A. I’ve had the opportunity to do a lot of speaking at events and rallies, and to give testimony at hearings. I’m on the Board of Directors at Real Choice Initiative and Health Care for All Oregon, and I organize with several other groups focused on justice for vulnerable people.

I spend a lot of time advocating for myself and other folks with serious health concerns. Many have shared resources with me, and I enjoy passing that knowledge on to others. I’m mostly focused on housing and healthcare. I strongly believe that housing is healthcare, because no matter how good someone’s healthcare is or how good their nutrition is, if they don’t have housing it doesn’t matter.

The waitlist for accessible housing in the City of Portland is fifteen, eighteen years long. Folks are forced into nursing and group homes, where they control almost nothing about their lives. Recently, I heard a friend talking about how hard it is to be twenty years old and living in hospice care. They were trying to study for exams, but instead wound up hanging out with someone who was about to pass because that person’s family didn’t show up. People forced into these situations describe what sounds like imprisonment. They don’t get any privacy. They can’t choose what they want to eat or when to eat. They can’t come and go as they please. They don’t even get to choose when to bath or go to the bathroom. This and ending up on the street is everyone’s worst nightmare, and it's brought to you by your tax dollars. I’m doing my part and encouraging others to join in changing this problem.

Q. What leadership roles do you hope to take on in the future?

A. I want to organize with other People with Disabilities and serious health concerns, transgender people and people of color to find or create sustainable, accessible and affordable housing and healthcare.

I also want to focus on employment for the mentioned populations. Due to capitalism, eugenics and imperialism, I think people with health issues, transgender and non-binary people, and people of color have a harder time getting and keeping jobs. I want to organize folks struggling to find work to become personal care assistants. Then we’ll have someone who doesn’t just tolerate or respect our culture, but who are actual members of the same cultures and communities.

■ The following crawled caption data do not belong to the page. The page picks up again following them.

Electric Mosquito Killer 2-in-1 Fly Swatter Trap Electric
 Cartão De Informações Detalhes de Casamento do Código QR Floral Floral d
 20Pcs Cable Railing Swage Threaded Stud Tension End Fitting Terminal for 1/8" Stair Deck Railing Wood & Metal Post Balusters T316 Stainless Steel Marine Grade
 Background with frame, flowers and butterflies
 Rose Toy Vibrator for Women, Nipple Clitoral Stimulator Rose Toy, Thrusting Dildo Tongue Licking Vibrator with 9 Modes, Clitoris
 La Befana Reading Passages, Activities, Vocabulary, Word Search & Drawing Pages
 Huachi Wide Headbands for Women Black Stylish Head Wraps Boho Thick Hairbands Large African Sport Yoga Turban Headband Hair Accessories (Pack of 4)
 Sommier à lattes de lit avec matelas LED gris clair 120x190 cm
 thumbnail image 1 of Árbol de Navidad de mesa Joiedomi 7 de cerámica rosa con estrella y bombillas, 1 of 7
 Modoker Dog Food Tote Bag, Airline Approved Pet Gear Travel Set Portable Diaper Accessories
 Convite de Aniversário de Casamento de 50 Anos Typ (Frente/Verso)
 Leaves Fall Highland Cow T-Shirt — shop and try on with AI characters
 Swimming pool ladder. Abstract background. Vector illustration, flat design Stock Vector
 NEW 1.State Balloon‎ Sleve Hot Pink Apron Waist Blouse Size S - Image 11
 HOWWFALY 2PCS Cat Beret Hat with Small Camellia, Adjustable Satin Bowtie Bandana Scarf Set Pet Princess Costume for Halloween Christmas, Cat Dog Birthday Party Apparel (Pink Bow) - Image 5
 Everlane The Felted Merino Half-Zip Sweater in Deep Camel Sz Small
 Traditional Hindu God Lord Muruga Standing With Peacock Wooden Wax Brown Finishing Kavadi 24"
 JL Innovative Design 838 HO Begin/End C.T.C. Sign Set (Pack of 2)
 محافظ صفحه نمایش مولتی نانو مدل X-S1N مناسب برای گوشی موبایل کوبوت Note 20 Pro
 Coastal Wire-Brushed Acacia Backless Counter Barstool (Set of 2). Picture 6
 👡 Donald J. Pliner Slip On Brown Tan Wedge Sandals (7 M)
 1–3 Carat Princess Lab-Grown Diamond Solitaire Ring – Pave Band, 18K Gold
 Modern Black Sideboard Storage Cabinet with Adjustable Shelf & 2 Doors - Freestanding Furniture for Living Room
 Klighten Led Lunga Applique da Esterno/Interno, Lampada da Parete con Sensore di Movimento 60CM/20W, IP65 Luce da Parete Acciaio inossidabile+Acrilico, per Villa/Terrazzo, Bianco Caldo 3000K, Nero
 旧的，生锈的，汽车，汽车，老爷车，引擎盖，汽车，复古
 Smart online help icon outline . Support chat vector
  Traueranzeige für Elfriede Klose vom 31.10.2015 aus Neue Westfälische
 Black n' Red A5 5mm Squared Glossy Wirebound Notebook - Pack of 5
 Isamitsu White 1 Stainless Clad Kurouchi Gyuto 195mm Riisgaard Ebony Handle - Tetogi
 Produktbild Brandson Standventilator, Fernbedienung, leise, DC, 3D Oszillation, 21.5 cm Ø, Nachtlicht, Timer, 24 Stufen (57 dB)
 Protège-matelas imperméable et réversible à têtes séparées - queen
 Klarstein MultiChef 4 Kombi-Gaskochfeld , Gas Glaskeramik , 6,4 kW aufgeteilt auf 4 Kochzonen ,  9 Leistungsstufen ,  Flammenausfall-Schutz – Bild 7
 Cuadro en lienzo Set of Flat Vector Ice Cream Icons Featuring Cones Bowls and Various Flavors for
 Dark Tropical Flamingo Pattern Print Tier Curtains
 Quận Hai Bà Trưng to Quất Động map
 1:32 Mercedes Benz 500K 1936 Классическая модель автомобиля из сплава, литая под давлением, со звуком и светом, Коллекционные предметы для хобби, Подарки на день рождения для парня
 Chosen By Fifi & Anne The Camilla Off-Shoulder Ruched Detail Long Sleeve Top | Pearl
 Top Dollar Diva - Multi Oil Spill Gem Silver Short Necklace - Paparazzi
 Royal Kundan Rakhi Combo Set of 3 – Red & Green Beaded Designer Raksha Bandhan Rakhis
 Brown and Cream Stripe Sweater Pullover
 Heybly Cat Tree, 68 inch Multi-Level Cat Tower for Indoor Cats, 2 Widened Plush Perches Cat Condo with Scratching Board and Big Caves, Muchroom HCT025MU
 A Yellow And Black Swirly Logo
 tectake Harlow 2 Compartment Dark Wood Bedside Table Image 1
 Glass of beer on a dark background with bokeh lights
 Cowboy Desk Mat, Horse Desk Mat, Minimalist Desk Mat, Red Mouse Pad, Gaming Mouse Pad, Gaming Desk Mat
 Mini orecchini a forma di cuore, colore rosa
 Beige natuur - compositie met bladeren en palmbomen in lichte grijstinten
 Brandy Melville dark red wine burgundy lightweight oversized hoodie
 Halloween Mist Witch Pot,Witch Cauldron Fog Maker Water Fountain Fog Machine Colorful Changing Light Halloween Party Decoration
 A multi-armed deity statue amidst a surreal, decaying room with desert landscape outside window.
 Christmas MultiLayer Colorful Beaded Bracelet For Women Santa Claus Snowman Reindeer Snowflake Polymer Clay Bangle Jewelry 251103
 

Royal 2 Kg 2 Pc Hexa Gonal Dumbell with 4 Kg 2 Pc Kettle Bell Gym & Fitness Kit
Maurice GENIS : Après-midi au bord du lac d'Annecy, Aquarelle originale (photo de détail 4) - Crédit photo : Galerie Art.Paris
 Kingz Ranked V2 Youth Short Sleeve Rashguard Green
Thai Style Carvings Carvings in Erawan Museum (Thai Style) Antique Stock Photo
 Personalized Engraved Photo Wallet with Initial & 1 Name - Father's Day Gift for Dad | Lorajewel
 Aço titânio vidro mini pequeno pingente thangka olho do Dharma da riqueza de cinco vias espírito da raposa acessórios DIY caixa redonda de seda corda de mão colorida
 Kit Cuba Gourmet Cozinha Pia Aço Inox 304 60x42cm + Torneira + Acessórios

Q. What is most exciting to you about disability justice?

A. What’s most exciting to me is that it affects everybody. I agree with something a friend and fellow organizer said: “I’m less interested in breaking through the next glass ceiling and more interested in raising the floor.” With disability justice, everybody does better.

Q. What do you hope to get out of being a part of the Disability Justice Leaders Collaborative?

A. I hope to have a more thorough understanding of where the disability justice movement came from and how I can continue the work. I’ve become disabled in my adult life, so I don’t have as deep of an understanding of it compared to folks that have had altered abilities since birth or childhood.

I’m excited about meeting more brown and Black people organizing around Disability Justice. These are all seriously resilient people who know how to survive almost impossible circumstances. These are people who get it and want to change the way things are, not just for us, but for elders and the people coming after us as well.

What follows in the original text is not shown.